3. 第二种写法,如下,会产生大量生产者对象,增加开销:
nameAddrPhoneStream.foreachRDD(rdd => {
rdd.foreach(record => {
//初始化生产者配置
val props = new Properties()
props.setProperty("bootstrap.servers", "master:9092")
props.setProperty("client.id", "kafkaGenerator")
props.setProperty("key.serializer", classOf[StringSerializer].getName)

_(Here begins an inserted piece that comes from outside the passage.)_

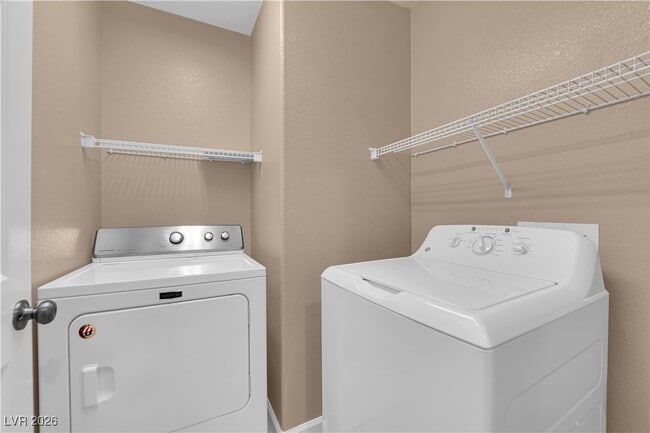 Building Photo - 536 Aspen Leaf St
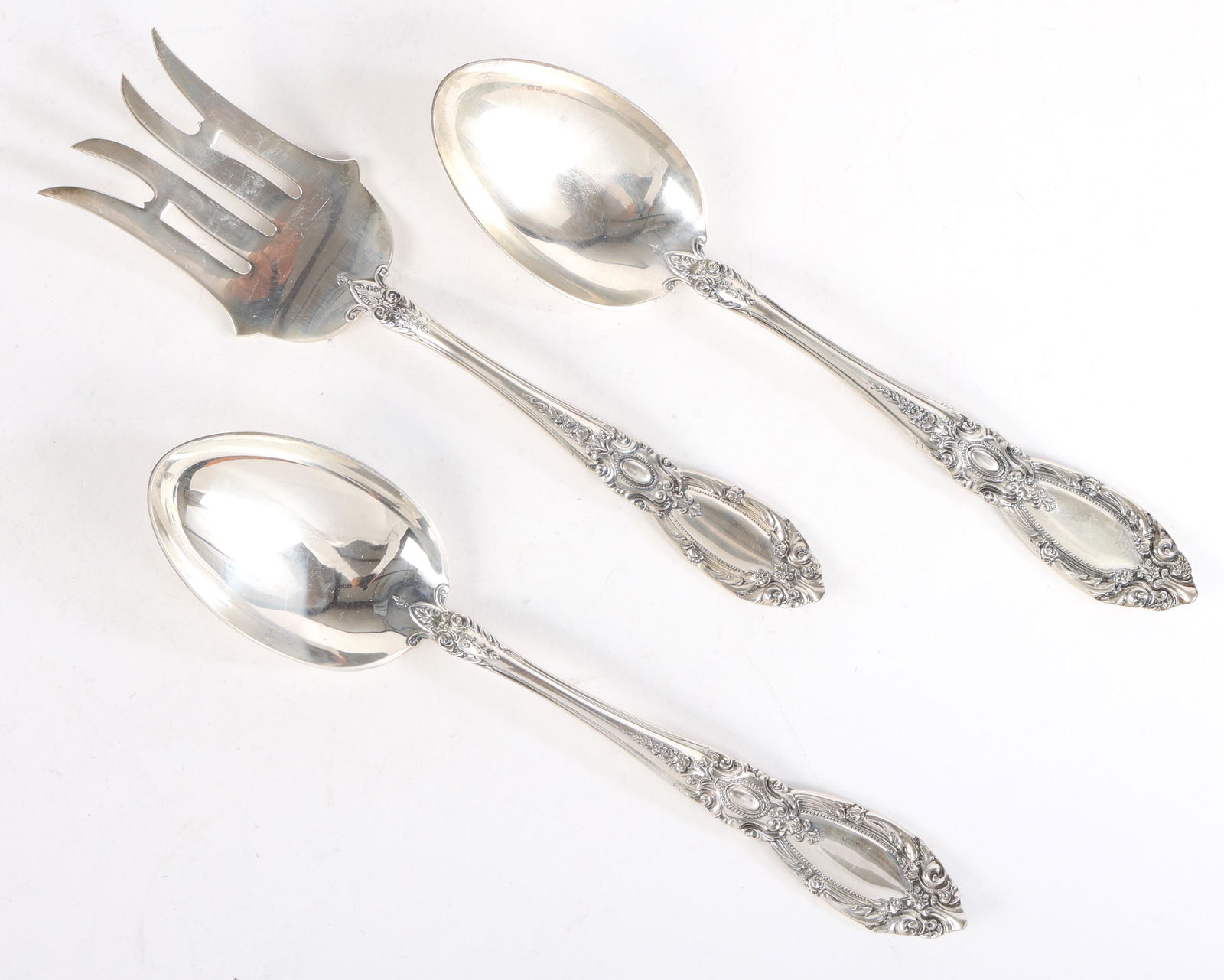 TOWLE KING RICHARD STERLING SERVING SPOONS & FORK (1 of 3)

props.setProperty("value.serializer", classOf[StringSerializer].getName)
//创建生产者
val producer = new KafkaProducer[K, V](props)
//生产者向Kafka发送消息
producer.send(new ProducerRecord[K, V]("kafkaProducer", record))
})
})
4. 第三种写法,如下,对KafkaProducer包装,再广播到每个Executor中:
1)对KafkaProducer的包装类:
package sparkstreaming_action.kafka.operation
import java.util.Properties
import java.util.concurrent.Future
import org.apache.kafka.clients.producer.KafkaProducer
import org.apache.kafka.clients.producer.RecordMetadata
import org.apache.kafka.clients.producer.ProducerRecord
import org.apache.spark.broadcast.Broadcast
import org.apache.kafka.common.serialization.StringSerializer
class KafkaSink[K, V](createProducer: () => KafkaProducer[K, V]) extends Serializable {
//避免运行时产生NotSerializableException异常
lazy val producer = createProducer()
def send(topic: String, key: K, value: V): Future[RecordMetadata] = {
//写入Kafka
producer.send(new ProducerRecord[K, V](topic, key, value))
}
def send(topic: String, value: V): Future[RecordMetadata] = {
//写入Kafka
producer.send(new ProducerRecord[K, V](topic, value))
}
}
object KafkaSink {
//导入 scala java 自动类型互转类
import scala.collection.JavaConversions._
//此处Map 为 scala.collection.immutable.Map
def apply[K, V](config: Map[String, String]): KafkaSink[K, V] = {
val createProducerFunc = () => {
//新建KafkaProducer
//scala.collection.Map => java.util.Map
val producer = new KafkaProducer[K, V](config) //需要java.util.Map
//虚拟机JVM退出时执行函数
sys.addShutdownHook({
//确保在Executor的JVM关闭前,KafkaProducer将缓存中的所有信息写入Kafka
//close()会被阻塞直到之前所有发送的请求完成
producer.close()
})
producer
}
new KafkaSink[K, V](createProducerFunc)
}
//隐式转换 java.util.Properties => scala.collection.mutable.Map[String, String]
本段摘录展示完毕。